FLOW_ID = "864c4f98-2e59-468b-8e13-79cd8da07468"
# You can tweak the flow by adding a tweaks dictionary
# e.g {"OpenAI-XXXXX": {"model_name": "gpt-4"}}
TWEAKS = {
"ChatOpenAI-g4jEr": {},
"ConversationChain-UidfJ": {}
}

def run_flow(message: str, flow_id: str, tweaks: dict = None) -> dict:
  """
  Run a flow with a given message and optional tweaks.

  :param message: The message to send to the flow
  :param flow_id: The ID of the flow to run
  :param tweaks: Optional tweaks to customize the flow
  :return: The JSON response from the flow
  """
  api_url = f"{BASE_API_URL}/{flow_id}"

  payload = {"message": message}

  if tweaks:
      payload["tweaks"] = tweaks

  response = requests.post(api_url, json=payload)
  return response.json()

# Setup any tweaks you want to apply to the flow
print(run_flow("Your message", flow_id=FLOW_ID, tweaks=TWEAKS))
{
  "result": "Great choice! Bangalore in the 1920s was a vibrant city with a rich cultural and political scene. Here are some suggestions for things to see and do:\n\n1. Visit the Bangalore Palace - built in 1887, this stunning palace is a perfect example of Tudor-style architecture.

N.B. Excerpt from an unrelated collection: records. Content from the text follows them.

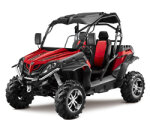 CFMOTO ZForce 800 EU167
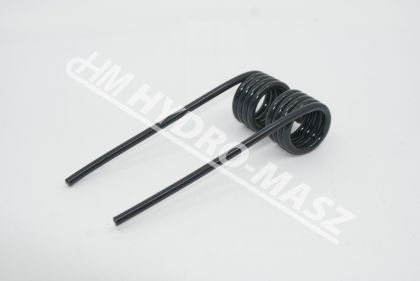 Palec podbieracza Prasa Deutz FAHR MP vicon 16618868/mal 16618868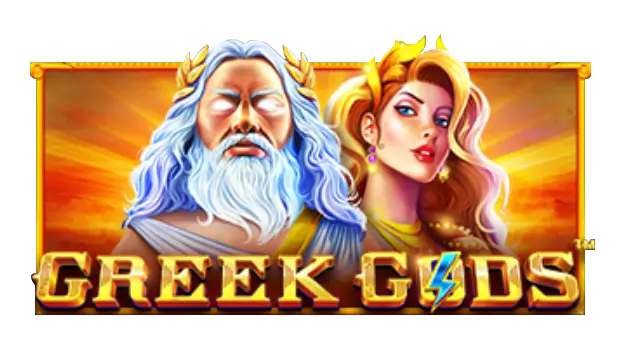 Greek Gods™ Slot Game powered by Pragmatic Play Myanmar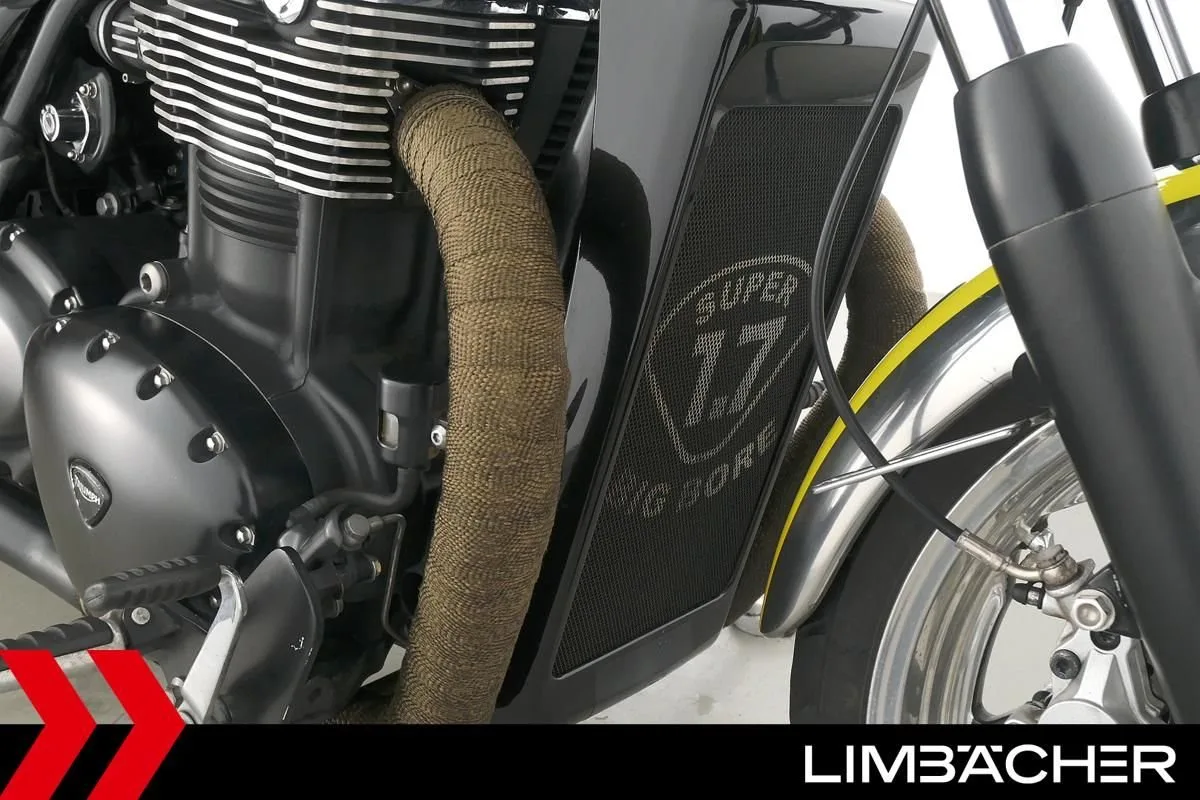 Triumph Thunderbird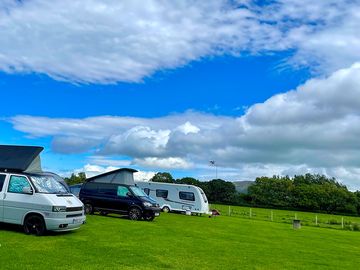 Tourers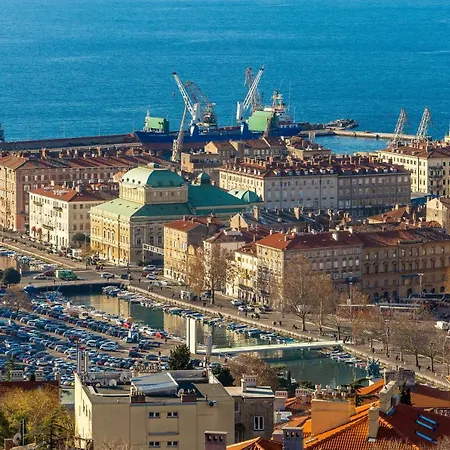 Apartment Fiorello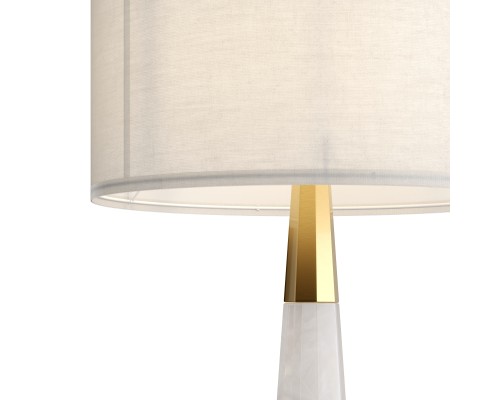 Настольный светильник Maytoni Z030TL-01BS1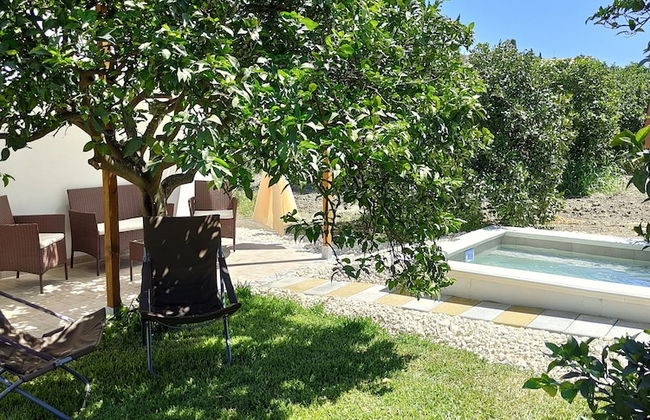 AgriBarocco - Foto 29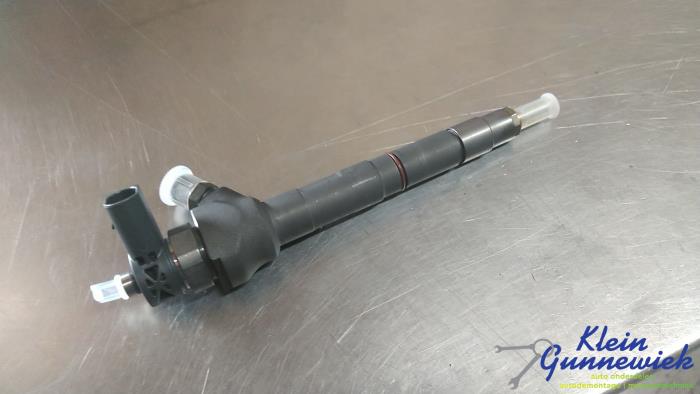 Neuf Injecteurs Volkswagen Passat Prix € 272,25 Prix TTC proposé par Klein Gunnewiek Autodemontage & Motorentechniek
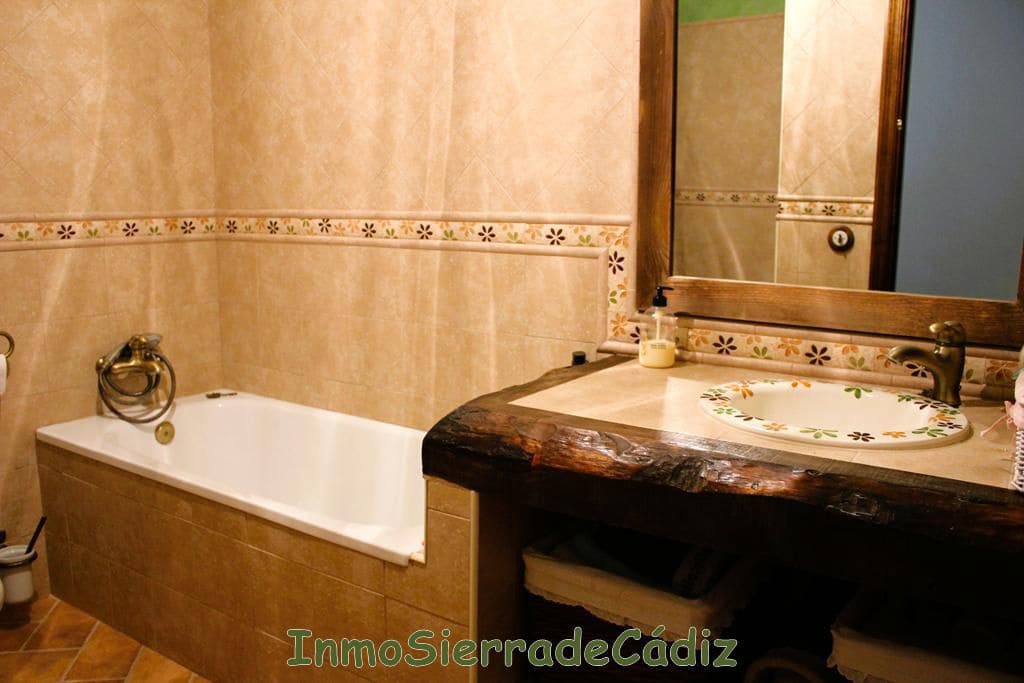 2 soveværelse Byhus til salg i Algodonales - € 115.000 (Ref: 8705183)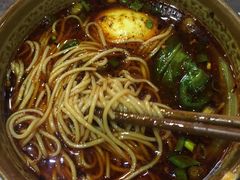 -华兴街煎蛋面(总店)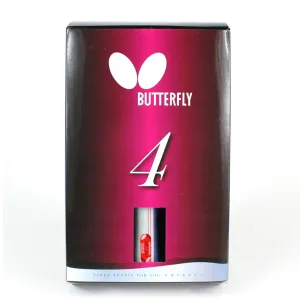Butterfly Shakehand BTY 401 FL Racket Set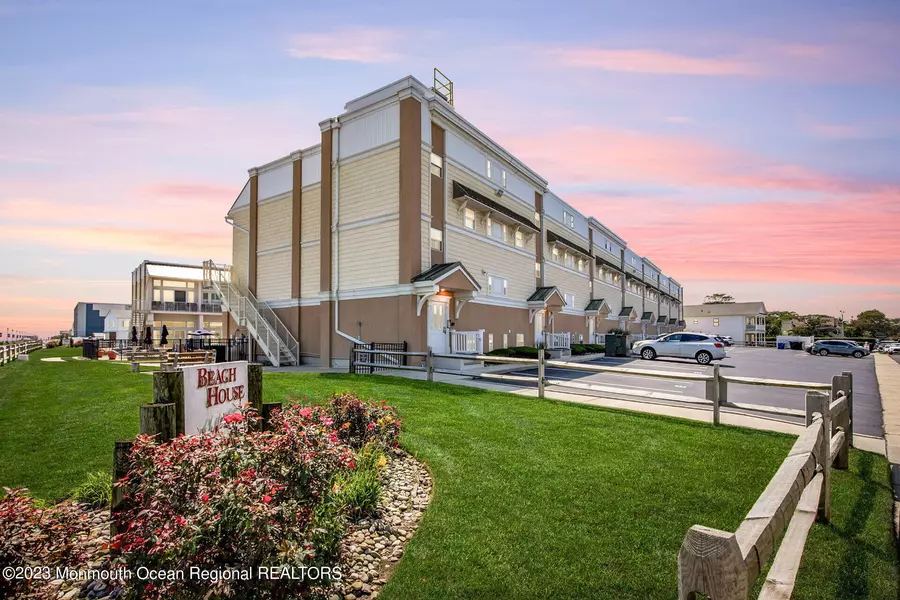 448 Ocean Avenue #1A, Long Branch, NJ 07740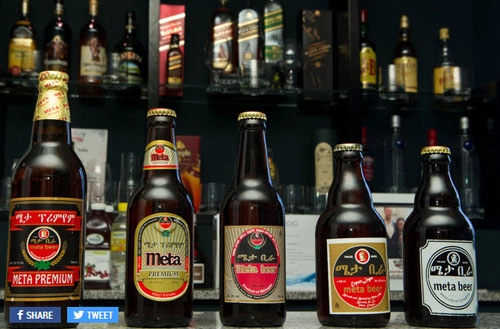 Bia ở việt nam rẻ nhất thế giới - 5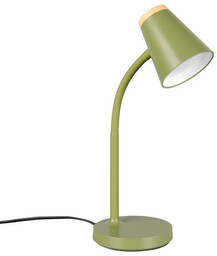 Rl Light Lampka biurkowa do czytania PONGO R55831115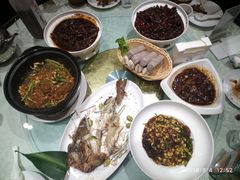 -三强鸽子(胜利路店)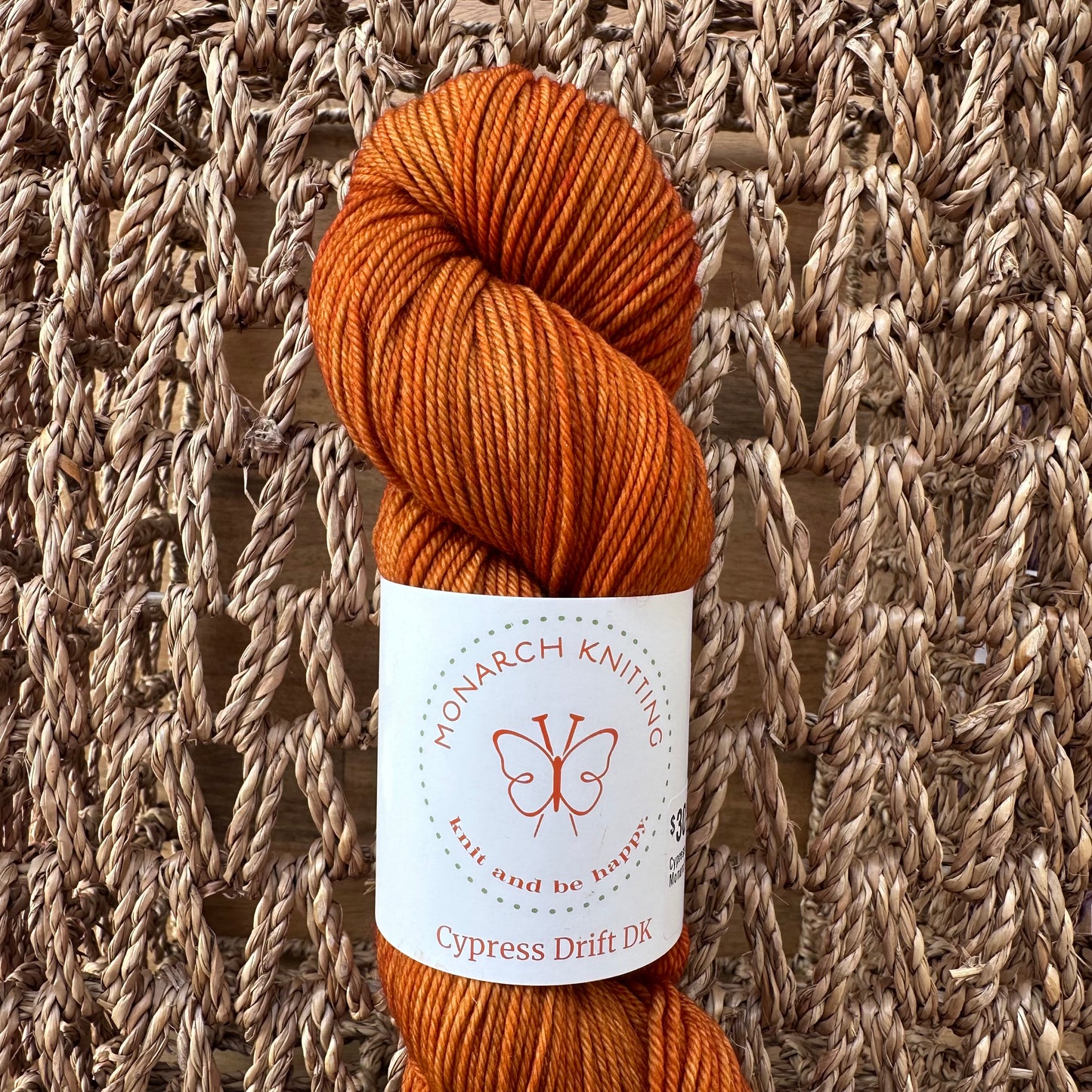 Cypress Drift DK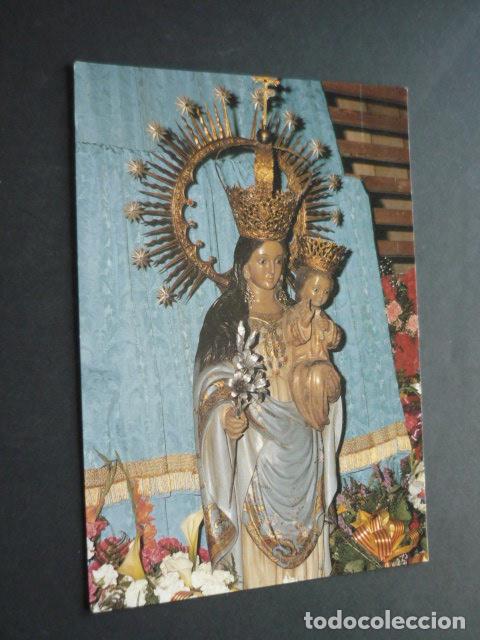 Postkarten: JATIVA VALENCIA VIRGEN DE LA SEO POSTAL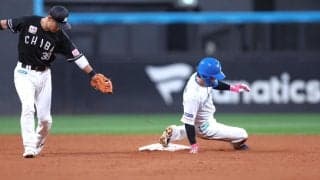 【日本ハム】西川遥輝「勝ちたかった」1軍復帰で走攻アピールもチーム敗戦悔しがる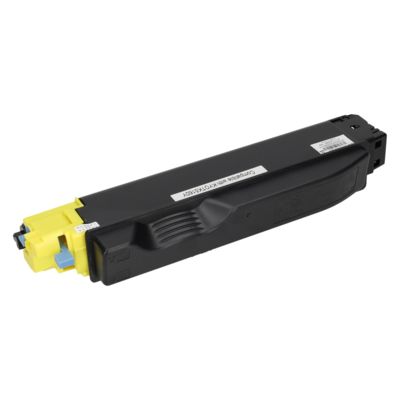 Toner compatibile Kyocera TK-5160Y - Giallo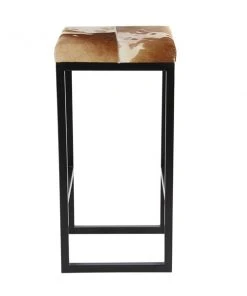 Grayson Lane Brown Bar Height (27-in to 35-in) Upholstered Bar Stool -GRAYSON LANE shop 330862092 AlternateImage5 l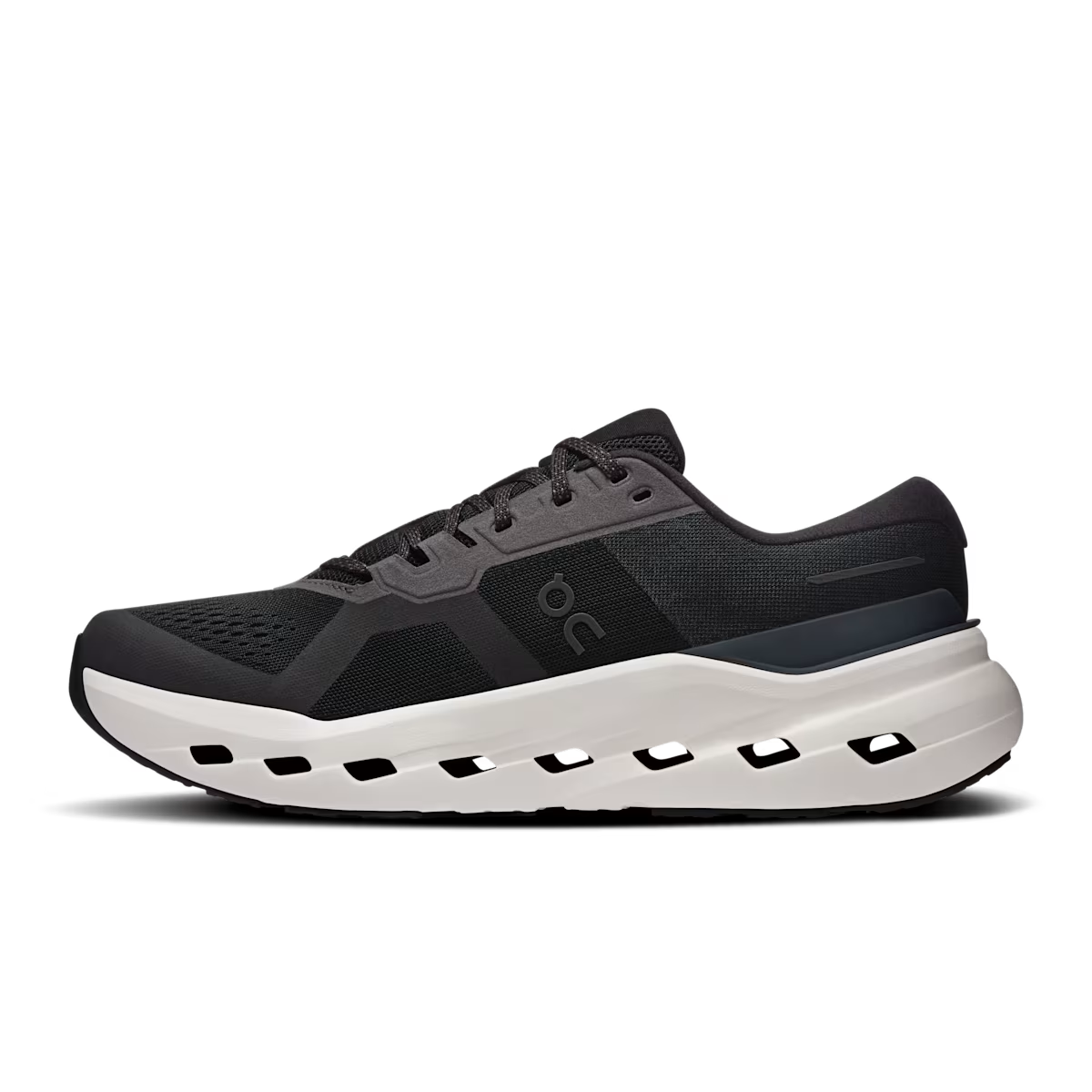 Cloudrunner 3 'Black Ivory'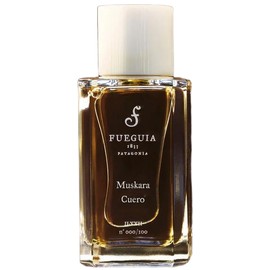 Muskara Cuero Fueguia 1833 perfume - a fragrance for women and men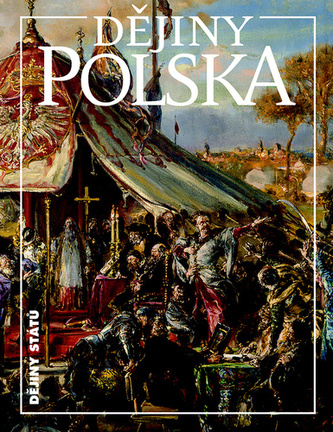 Dějiny Polska (2.vydanie)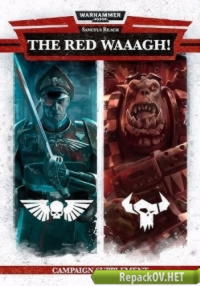 Warhammer 40,000: Sanctus Reach [v 1.0.10] (2017) PC [by GAMER]
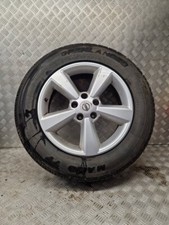 Nissan qashqai alloy for sale  SAWBRIDGEWORTH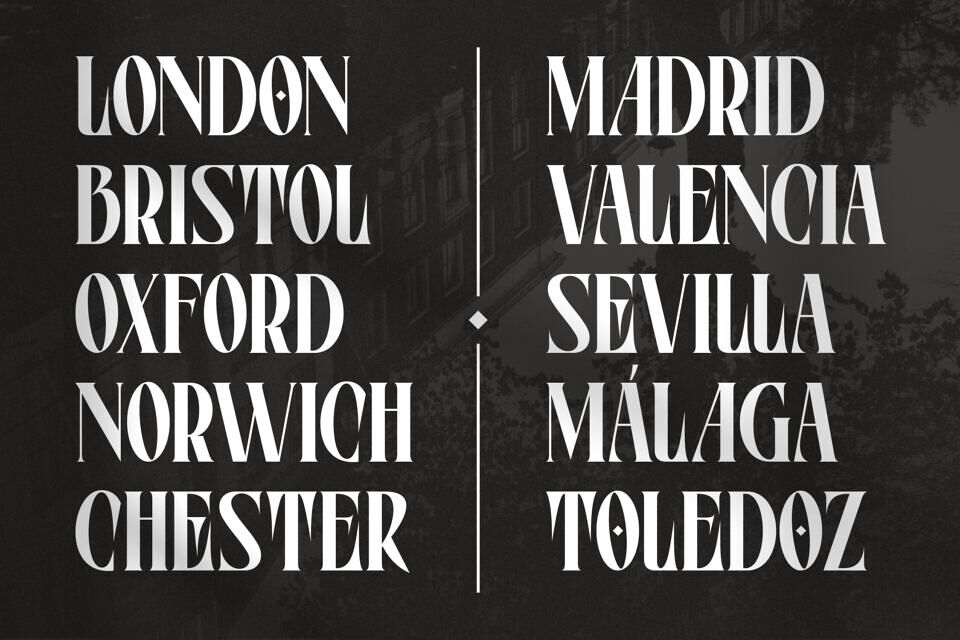 Erione Font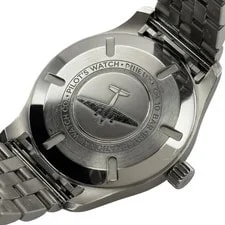 IWC 20 IW328202 40mm SS Black Dial Automatic Date Indicator 2023 #OKW830 2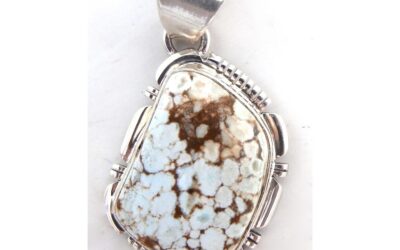 Sourcing Materials for Native American Jewelry Making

It was home to the Maharaja of Mysore and is now open to the public.\n\n2. Attend a performance at the Ravindra Kalakshetra - this cultural center was built in the 1920s and is still a popular venue for music and dance performances.\n\n3. Explore the neighborhoods of Basavanagudi and Malleswaram - both of these areas have retained much of their old-world charm and are great places to walk around and soak up the atmosphere.\n\n4. Check out the Bangalore Club - founded in 1868, this exclusive social club was a favorite haunt of the British expat community in the 1920s.\n\n5. Attend a meeting of the Indian National Congress - founded in 1885, the INC was a major force in the Indian independence movement and held many meetings and rallies in Bangalore in the 1920s.\n\nHope you enjoy your trip to 1920s Bangalore!"
}

Read more about resource customization, cost, and management of Langflow apps on Jina AI Cloud in the langchain-serve repository.

🎨 Creating Flows

Creating flows with LangFlow is easy. Simply drag sidebar components onto the canvas and connect them together to create your pipeline. LangFlow provides a range of LangChain components to choose from, including LLMs, prompt serializers, agents, and chains.

Explore by editing prompt parameters, link chains and agents, track an agent's thought process, and export your flow.

Once you're done, you can export your flow as a JSON file to use with LangChain. To do so, click the "Export" button in the top right corner of the canvas, then in Python, you can load the flow with:

from langflow import load_flow_from_json

flow = load_flow_from_json("path/to/flow.json")
# Now you can use it like any chain
flow("Hey, have you heard of LangFlow?")

👋 Contributing

We welcome contributions from developers of all levels to our open-source project on GitHub. If you'd like to contribute, please check our contributing guidelines and help make LangFlow more accessible.

Join our Discord server to ask questions, make suggestions and showcase your projects! 🦾

Star History Chart

📄 License

LangFlow is released under the MIT License. See the LICENSE file for details.